Despite three excellent acts on the Blue Stage, the Blue Stage’s closer, James Blake, easily outplayed all of them, and indeed, anyone I saw at the festival that day. The cards were stacked against him, playing to a crowd of leftover hip-hop fans who just experienced two energetic shows. In his most stark moments, notably “Lindesfarne”, Neko Case overpowered him all the way from the Red Stage. But Blake overcame all of these and even took them in stride, calling “Lindesfarne” “a wonderful duet with… whoever is playing over there.” At the start of “I Never Learnt to Share”, Blake loops his vocals to achieve the stuttering harmonies on heard on the track. On the first loop, the crowd cheered, approving the song, and the cheering got caught in the loop. The result was haunting, an ironic cheer to the lyrics “My brother and my sister don’t speak to me/ But I don’t blame them.” Yet the highlight of the set didn’t even come from Blake’s superb 2011 self-titled album. It was “CMYK”, off last year’s EP of the same name. On the record, it’s a good four minute dubstep song. Live, it’s a 10 minute dance odyssey, changing grooves from hard dubstep to raucous kuduro. Blake’s shapeshifting throughout the hour-long set made the time fly.

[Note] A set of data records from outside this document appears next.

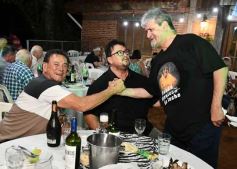 Foto de la galería: Arnaldo Aníbal Santacruz festejó a lo grande su cumple junto a la familia y amigos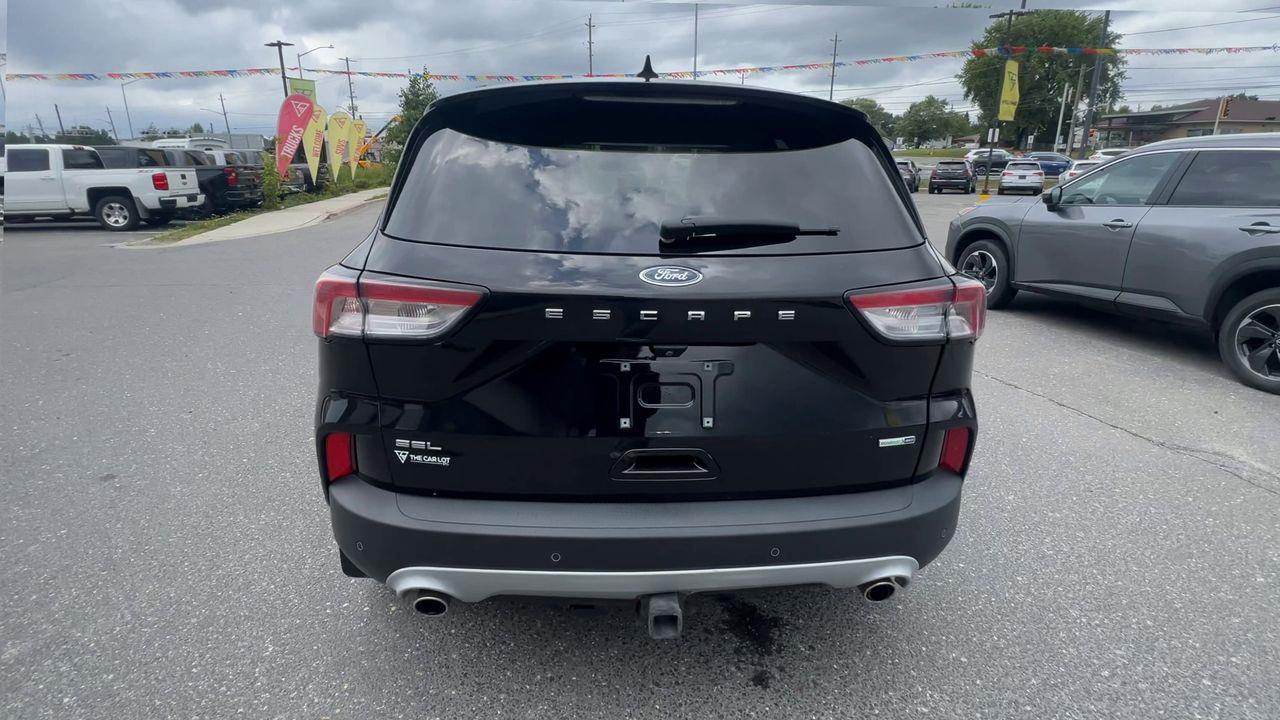 2020 Ford Escape SEL AWD, HEATED LEATHER SEATS, HEATED STEERING WHEEL, NAV, REVERSE CAM, POWER LIFTGATE!! Photo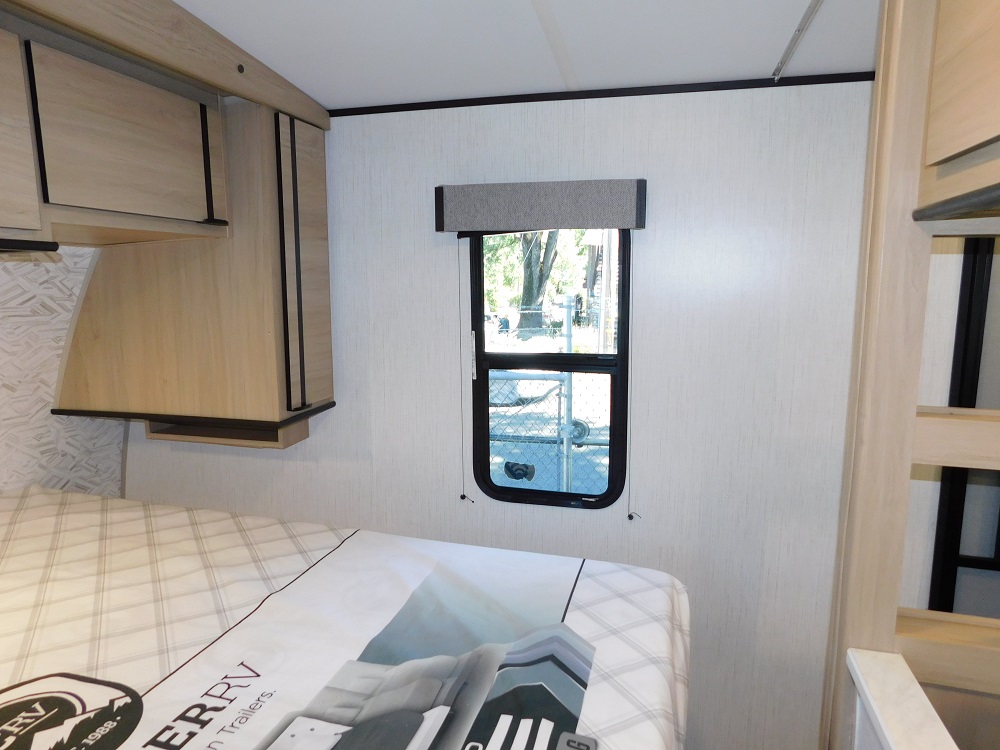 2022 Cruiser RV Radiance 26KB - Image 19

Finally, Animal Collective headlined. I don’t have much to say about Animal Collective, except that it was long, uninteresting, and a disappointment. They set up in a four-piece rock band, not a laptop in sight, and certainly provided more energy than when I saw them as a duo at Bonnaroo two years ago. Still, they dabbled too long in unknown psychedelic jams that went nowhere, and even destroyed songs that could be anthemic by taking too long to get there. “Brothersport” proved that their jam style can work if the energy stays high, and was the easy highlight of the set.